Navigating Munk's Abyssal Recipes: Reconciling the Paradoxes and Suggesting an Upwelling Mechanism for Bottom Water in a Flat-Bottom Ocean

TL;DR

This paper revisits Munk's abyssal recipes, resolving longstanding paradoxes in deep-ocean upwelling by proposing a new erosion-intrusion model that explains abyssal water movement in flat-bottom oceans.

Contribution

It introduces a novel erosion-intrusion model for abyssal upwelling, addressing paradoxes and expanding understanding beyond traditional theories.

Findings

No need for a globally averaged diapycnal diffusivity of O(1) cm2/s.

Estimated average rising velocity in the North Pacific abyssal waters.

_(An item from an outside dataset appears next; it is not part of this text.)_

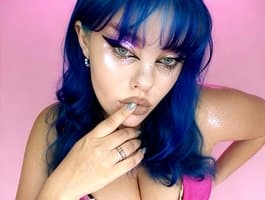LunaSexFantasy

The model complements existing theories, especially in flat-bottom topographies.

Abstract

Walter Munk's classical work, known as the "abyssal recipes", introduced a foundational framework for comprehending the upwelling of abyssal waters. While it has spurred numerous investigations into the complexities of deep-ocean processes from theoretical, laboratory, and field perspectives, it has also faced challenges when compared to direct observations spanning decades. Two particularly intriguing paradoxes emerge: the dichotomy of diffusivities and the conundrum of interior downwelling. This study attempts to resolve these paradoxes by examining the isopycnal displacement velocity within the dynamic framework of Munk's abyssal recipes. A relieving inference is that it seems no longer an imperative to seek a globally averaged diapycnal diffusivity of O(1) cm2/s to close the mass budget associated with the bottom-water formation rate. Through box-model experiments, a novel erosion-intrusion model is proposed to elucidate the mechanism of abyssal upwelling in flat-bottom ocean, drawing an analogy to the growth of "tree rings". Based upon this model, the average rising velocity in the abyssal North Pacific is estimated using observational data of biogeochemical tracers. The proposed model does not seek to disprove existing theories but rather acts as a complement for situations that prevailing theories may not apply, such as cases with flat-bottom topography or non-bottom-intensified diffusivity.